Dyson DC44 Animal Vac-Bag Adapter
This part is so basic, it’s a 14 on the pH scale, so we’re going to spend very little time on it…
More importantly is its function. Today’s about 3D printer material storage.
When you first receive a fresh reel of PLA, you may notice that it comes vacuum-sealed in a bag with a little package of dessicant. With these items usually comes the instruction to keep it properly stored in a cool dry place to prevent moisture absorption (and that new material smell).
Why is moisture absorption so bad? From the RepRap Wiki on PLA:
PLA can absorb moisture from the air. When it is heated this moisture can turn to steam bubbles which with certain hot end (extruder head) designs can interfere with printing. The symptom is that when the extruder motor stops the PLA kept coming out. When the stepper starts again there is a significant delay. Occasionally the tip may blow a bubble with a tiny puff of what looked like steam.
On top of that, it turns out that moisture absorption also contributes to a significant decrease in the tensile strength.
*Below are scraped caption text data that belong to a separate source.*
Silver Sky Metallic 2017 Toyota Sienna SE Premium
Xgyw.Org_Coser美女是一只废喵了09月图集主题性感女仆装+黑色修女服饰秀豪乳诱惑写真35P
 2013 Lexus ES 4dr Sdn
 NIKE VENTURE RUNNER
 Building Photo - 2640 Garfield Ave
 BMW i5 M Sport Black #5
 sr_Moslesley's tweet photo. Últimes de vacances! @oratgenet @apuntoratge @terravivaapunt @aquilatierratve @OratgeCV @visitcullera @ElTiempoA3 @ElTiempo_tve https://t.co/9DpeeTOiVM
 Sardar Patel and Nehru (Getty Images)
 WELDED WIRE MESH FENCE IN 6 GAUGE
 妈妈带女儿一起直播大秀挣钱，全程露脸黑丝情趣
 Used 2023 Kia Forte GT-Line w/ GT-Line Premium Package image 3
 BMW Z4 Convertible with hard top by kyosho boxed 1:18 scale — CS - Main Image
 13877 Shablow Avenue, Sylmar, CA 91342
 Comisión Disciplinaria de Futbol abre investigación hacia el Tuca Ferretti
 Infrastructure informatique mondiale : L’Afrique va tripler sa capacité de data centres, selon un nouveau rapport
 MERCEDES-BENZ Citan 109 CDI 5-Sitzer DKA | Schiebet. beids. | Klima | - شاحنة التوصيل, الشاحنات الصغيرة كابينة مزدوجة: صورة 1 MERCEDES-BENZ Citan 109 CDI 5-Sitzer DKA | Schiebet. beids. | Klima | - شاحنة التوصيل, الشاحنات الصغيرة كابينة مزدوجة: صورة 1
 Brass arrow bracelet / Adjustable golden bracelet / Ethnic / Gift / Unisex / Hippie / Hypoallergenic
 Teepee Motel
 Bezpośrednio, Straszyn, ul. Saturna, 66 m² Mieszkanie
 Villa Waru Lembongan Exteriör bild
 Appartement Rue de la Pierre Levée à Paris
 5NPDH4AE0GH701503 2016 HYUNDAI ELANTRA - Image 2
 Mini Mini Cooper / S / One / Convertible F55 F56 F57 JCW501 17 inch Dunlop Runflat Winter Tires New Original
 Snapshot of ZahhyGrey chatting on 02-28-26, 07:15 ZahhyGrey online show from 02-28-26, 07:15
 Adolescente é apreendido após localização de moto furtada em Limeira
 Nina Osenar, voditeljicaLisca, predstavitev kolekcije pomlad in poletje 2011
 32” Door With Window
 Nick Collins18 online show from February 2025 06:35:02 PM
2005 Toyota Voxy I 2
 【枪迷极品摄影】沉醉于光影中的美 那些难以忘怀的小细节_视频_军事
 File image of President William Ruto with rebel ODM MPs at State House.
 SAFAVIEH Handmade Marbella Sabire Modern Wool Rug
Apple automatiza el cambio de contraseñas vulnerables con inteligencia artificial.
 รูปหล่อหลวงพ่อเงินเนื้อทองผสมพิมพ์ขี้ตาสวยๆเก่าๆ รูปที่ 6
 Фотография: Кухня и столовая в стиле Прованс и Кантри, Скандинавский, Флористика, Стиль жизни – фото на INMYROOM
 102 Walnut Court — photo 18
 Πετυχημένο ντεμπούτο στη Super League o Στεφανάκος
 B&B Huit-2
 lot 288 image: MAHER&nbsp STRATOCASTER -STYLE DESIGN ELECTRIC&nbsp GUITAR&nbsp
From RepRage’s post on the matter (which has more great information and storage suggestions as well):
As you would imagine, the more water absorbed by the PLA, the weaker it becomes. Taking pure PLA, storing it in water for 30 days reduces its tensile strength by 6%. Doesn’t sound too bad right? Well. In the Re-dried condition, the tensile strength of PLA drops by a massive 33%. Enough to be noticeable. If you are heating up PLA enough for absorbed water to turn into steam, you are going to be drying the PLA as you go. So 3D printed ‘wet’ PLA surely falls into the re-dried category. That is, it will be up to 33% weaker than ‘dry’ PLA.
That’s no bueno. And you already opened the factory-sealed bag, didn’t you? Yeah, I did too…
All is not lost though. A quick and easy way to aid in the avoidance of moisture in the air is with vacuum bags and dessicant.
If you’ve got a shop vac handy or another vacuum with a hose or proper attachment, you’re ready to roll. In my home, the vacuum that’s most readily available and usually near my filament supply is my Dyson DC44 Animal Digital Slim.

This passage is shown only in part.